Danie Els, 42, the owner of the house on the corner of Fitzpatrick and Hans Strijdom Avenue, noticed the first crack between the entrance hall and the kitchen last Thursday.
Before that, there was not a single crack in the house.
Els and his wife are restoring the house, which they bought for R950 000 two years ago. They have already spent R500 000 on the project.
"On Friday the ground and the foundations started sinking," Els said on Monday.
"On Saturday a municipal official told us this was serious and that we had to move out.
'I couldn't believe it'
"We spent the rest of the day on Saturday moving everything from the front of the house (the dining room, the kitchen, the scullery and the entrance hall) to the back of the house.

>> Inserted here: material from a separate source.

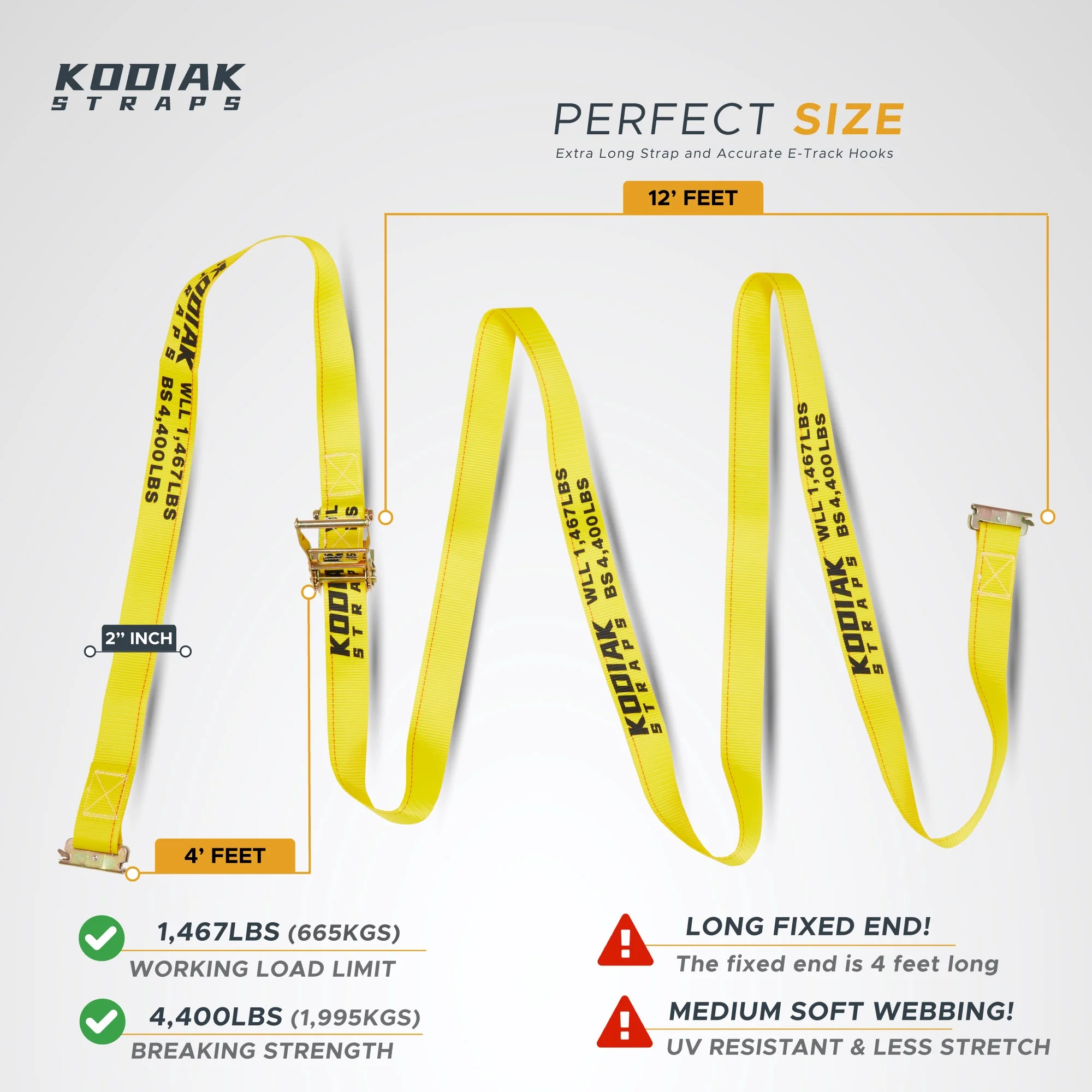 KODIAK STRAPS E Track Straps 2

"Yesterday morning [Sunday] the perimeter walls collapsed and other walls fell this morning [Monday] between about 02:00 and 04:00.
"When I saw how it looked, I couldn't believe it. You can't believe that the ground on which your house stands is so crumbly."
A civil engineer, Hennie ter Stege, said that at this stage it is a subsidence and not a sinkhole.
"With a sinkhole one can see an actual hole. At this stage we can't say yet what the cause of the sinking is."
However, another engineer on the property said the damage to the house was caused by a sinkhole that is about 15m deep.
Beeld videographer fell into hole
While Beeld was at the house, two walls and the corner of the house collapsed. The ground also subsided further.
Beeld's videographer Werner Wippenaar was walking around on the property to film the house when the ground collapsed underneath him.
He fell chest-deep into the hole, and landed on a water pipe which broke his fall.
Els's neighbour's house has also started to crack.
Eddie Visser, 73, said that in the 43 years that he had lived in the house, it had never had a crack.
On Sunday there were cracks that were "as thin as a thread of cotton", and these also appeared in the garage. Visser could fit two match boxes in the crack in the garage.
On Monday it looked as if the top and bottom parts of the house had shifted at the corner of the house.
He cannot move his car, which is parked at the back of the property, because the paving has lifted.
"It's surprising how quickly it happens," Visser said. "When I drove to Nelspruit on Thursday there was nothing wrong, but on my return it looked like this."